Re: What's the reasonable time to mirror a hard disk?
hi ya yuwen
how full is /dev/hda ???
- if some of your partitions is 75% full... i would NOT use dd...
( faster to do it manually
assuming that /var and /usr not too full but / is 80% full etc
check the dma status of your disk
root# hdparm /dev/hda
root# hdparm /dev/hdb
to see the write/read xfer speeds
root# hdparm -tT /dev/hda
turn dma mode on if its not set
root# hdparm -d1 /dev/hda
fdisk your /dev/hdb the same way or different way than /dev/hda
-- remember that dd keeps the same original size partition
now copy your directories in each parititons...
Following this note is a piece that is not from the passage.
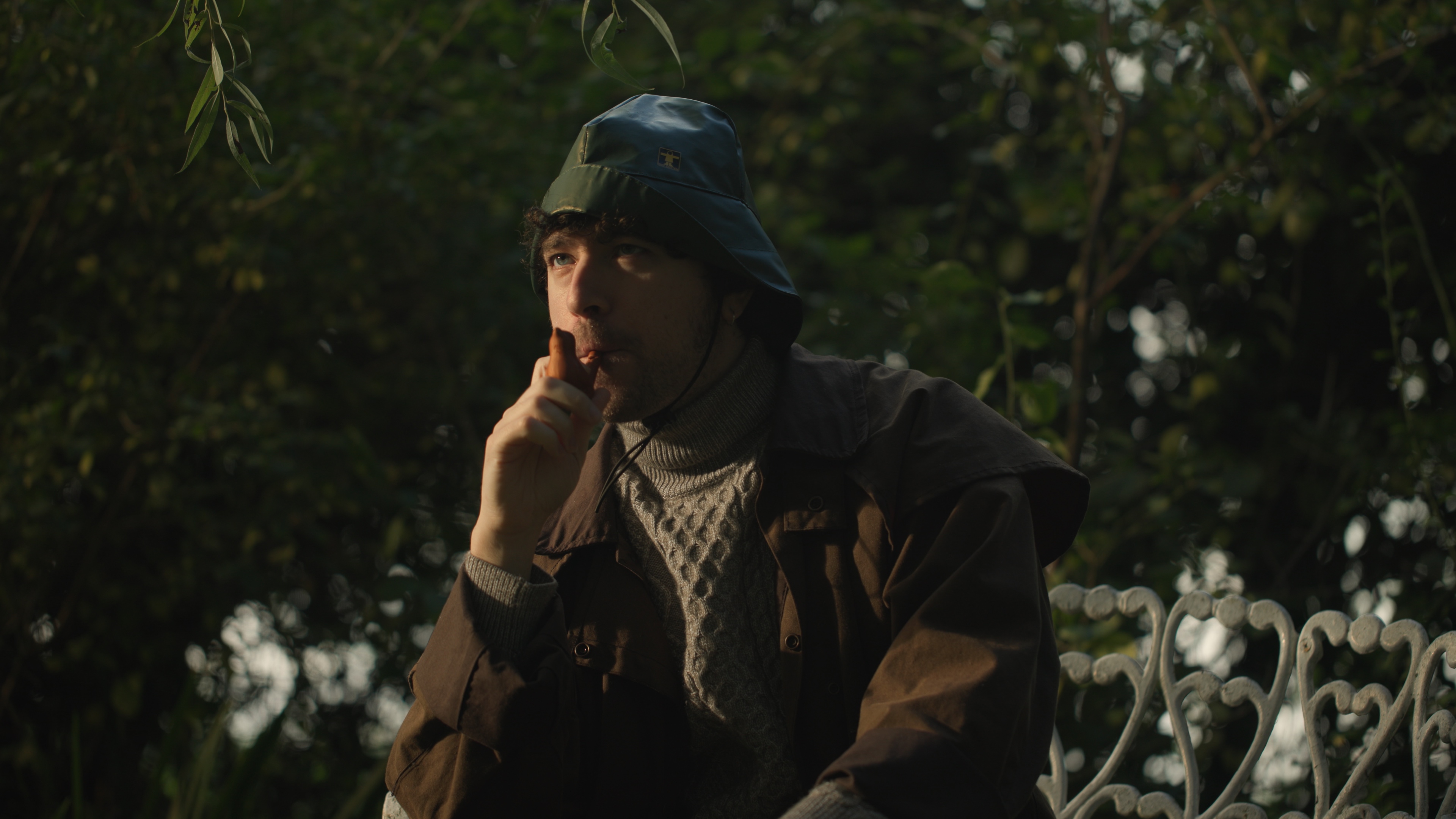 Golden Squacco Heron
dd if=/dev/hda1 /dev/hdb1 bs=32k ( / )
# or #
( tar cf - /bin /sbin /lib /boot ) | ( cd /mnt/hdb1 ; tar xvfp - )
mount /dev/hdbxxx /mnt/xxx
( tar cf - /var ) | ( cd /mnt/hdb2 ; tar xvfp - )
( tar cf - /usr ) | ( cd /mnt/hdb3 ; tar xvfp - )
-- add/delete partions as needed per your disk
-- add missing dirs ... /tmp /.automount /.autofs ...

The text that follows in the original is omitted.